The settlement agreement

Typically, under Mauritian Laws, it is possible to stop and bring an end to a dispute by entering into a transaction as provided under the Mauritian Code civil which takes the form of a settlement agreement.

For a settlement agreement to be effective, certain conditions need to be met. It is apposite to note that article 2044 et seq of the Mauritian Civil Code prescribes three conditions to be present for a transaction to exist, namely: a dispute, the intention of the parties to settle the dispute irrevocably, and reciprocal conditions of the parties, so that each party is significantly renouncing at least part of his or her rights.

Furthermore, the Settlement Framework provides for additional requirements[15] such as:

  • the relevant facts pertaining to the case;
  • the wrongdoing and/or non-compliance admitted by the Target;
  • the acceptance of responsibility for the wrongdoing and/or non-compliance;
  • the nature, quantum and/or duration of any agreed sanction and/or remedial steps which the Target has agreed to take;
  • that the Target has read and understood the settlement agreement and by signing this agreement, the Target agrees to be bound by the terms;
  • that the Target has signed the Agreement voluntarily and without duress or coercion;
  • that the Target waives his or her right to appeal and contest any term of the settlement agreement; and
  • that the Target certifies as to the completeness and accuracy of information that was provided to the FSC, and that the Target acknowledges that the FSC has relied upon the completeness of the information provided by the Target.

If a settlement agreement is reached between the Target and the FSC, and depending on the terms of this agreement, the amount of the administrative penalty or the period of the restriction over the Target may be reduced.

The attitude of the Target during the settlement discussions is therefore key to successfully reach a settlement agreement. Otherwise, if these settlement discussions fail, the chief executive may consider that settlement is not reachable, and the matter will then be the subject of a Decision Notice.

CONCLUSIONS

It is clear that the Regulator has, within a very short time frame, considerably raised the bar when it comes to enforcement, at times causing some upset among the players in the financial services industry.

However, commentators agree that bold steps were needed and well overdue to demonstrate full compliance with international norms that Mauritius has committed to implement and address the concerns that the FATF and European Commission have raised in having the country put on the watchlist.

From this perspective, the Settlement Framework is a welcome development which demonstrates the willingness of the Regulator to wield its administrative powers in a constructive manner and more consonant with building a clean and compliant financial industry.


[1] FATF – Jurisdictions under Increased Monitoring – 23rd October 2020.

[2] The Enforcement Committee as established under section 52 of the FSA.

[3] Section 43 of the Financial Services Act 2007.

[4] The Chief Executive of the Financial Services Commission as appointed under Section 9 of the Financial Services Act 2007.

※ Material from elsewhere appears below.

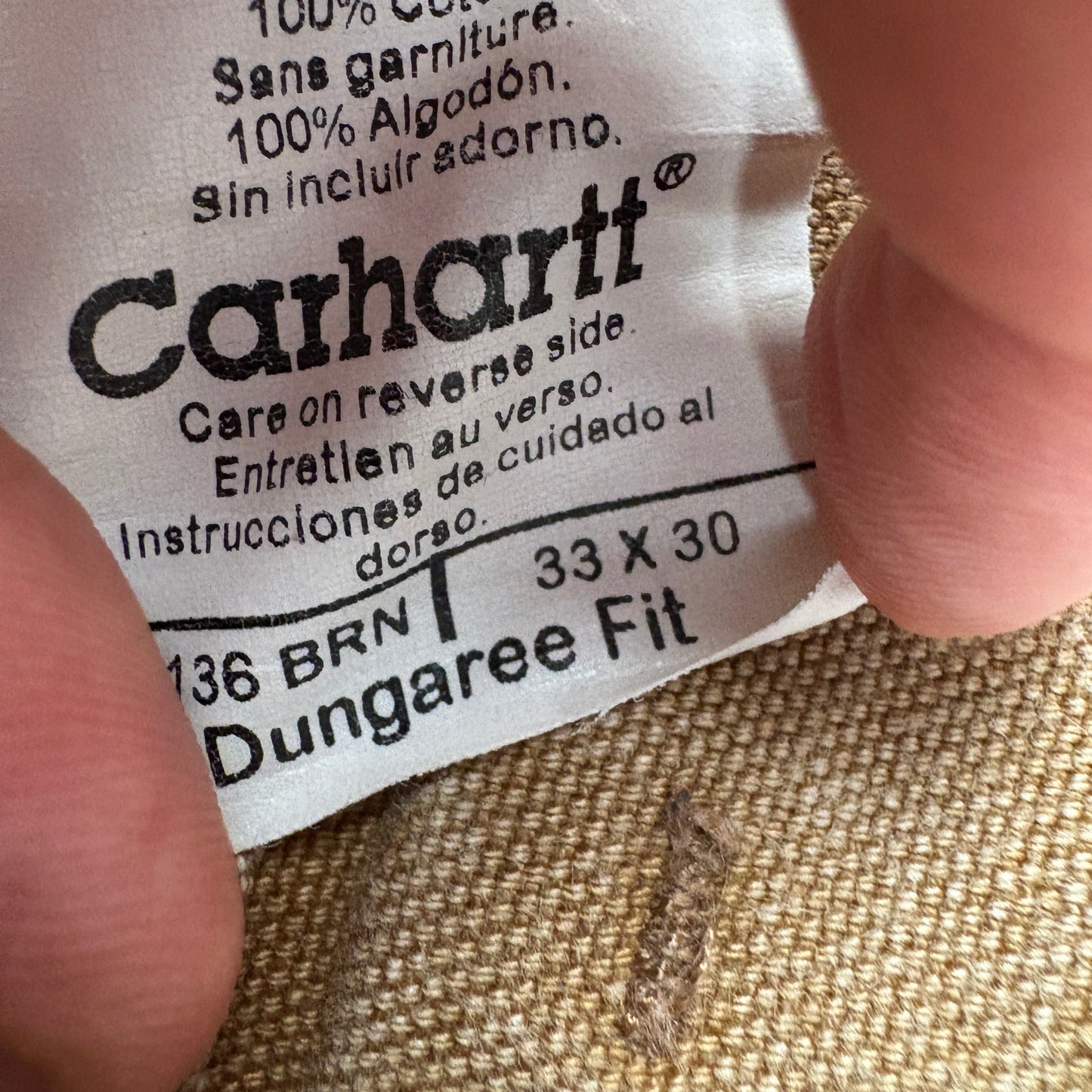 Vintage Carhartt Brown Double Knee Workwear Carpenter Baggy Trousers - 33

[5] Notice as provided under the Section 53(2) of the Financial Services Act.

[6] Notice as provided under Section 53 (3) of the Financial Services Act.

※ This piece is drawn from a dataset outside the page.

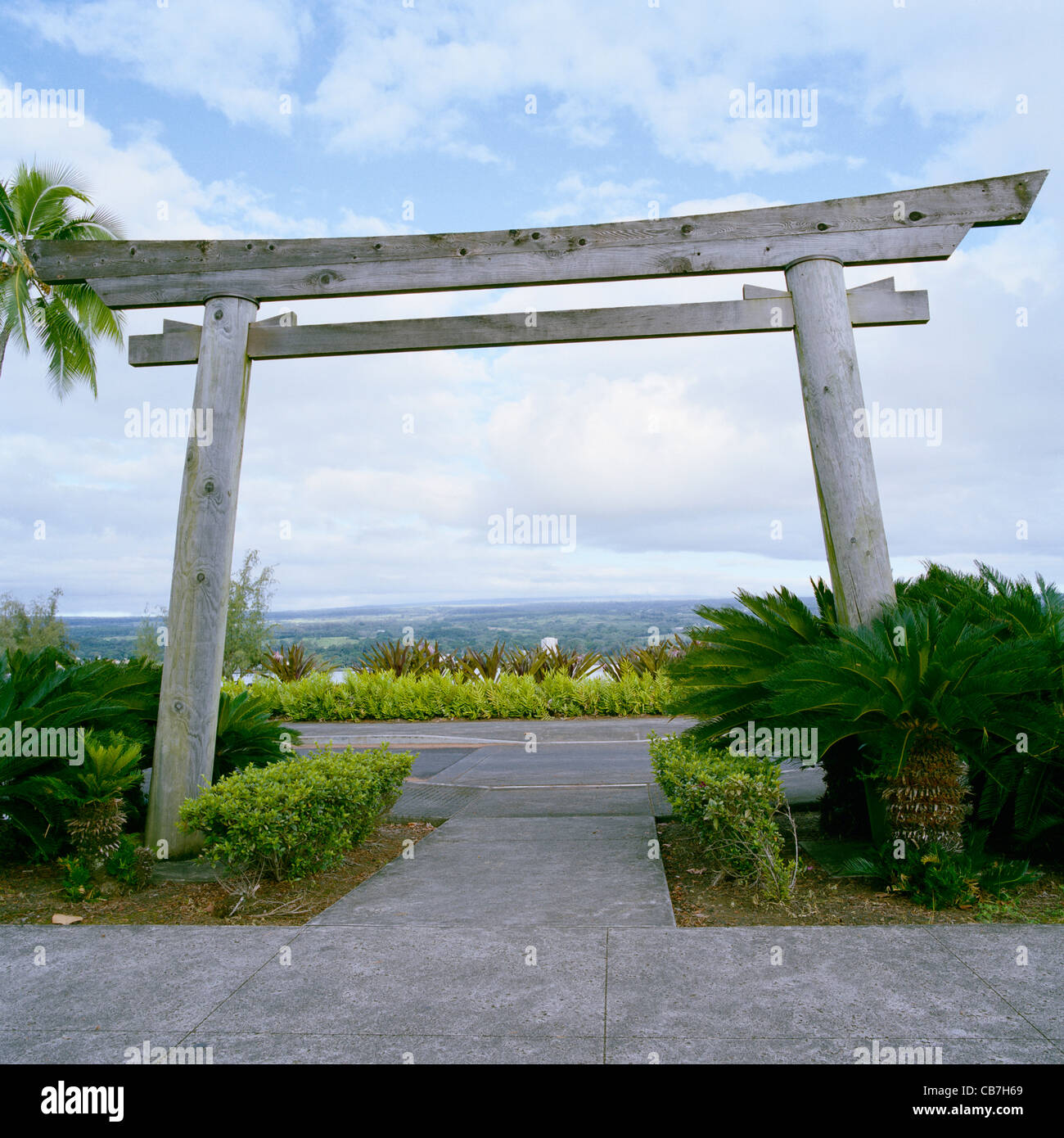 Japanese gate Lili'uokalani Gardens Hilo Big Island Hawaii Stock Photo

[7] The Review Panel as set up under section 54 of the Financial Services Act.

[8] Revocation of Management Licence - Beaufort Management Services Ltd - Ref: ENF/30L2020/E1

[9] The FSC has on 6 November 2020, by way of a circular letter referenced as CL061120 repealed the March 2012 Code on the Prevention of Money Laundering & Terrorist Financing.

[10] Department of Justice – Eastern District of New York - Indictment 28 February 2018.

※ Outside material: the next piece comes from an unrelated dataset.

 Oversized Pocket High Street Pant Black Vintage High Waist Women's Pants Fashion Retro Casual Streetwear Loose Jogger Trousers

[11] Paragraph 3 – Disqualification and imposition of administrative penalty – Mr Arvisingh Canaye.

[12] Clause 5.1 of the Settlement Framework.

[13] The enforcement process encompasses the information gathering and review, investigation, inquiry, and show cause stages for the purposes of enforcement action.

[14] The decision from the Enforcement Committee deciding to impose an administrative sanction as provided under Section 53(3) of the Financial Services Act.

[15] Clause 6.2 of the Settlement Framework provides the list of the required content of a settlement agreement.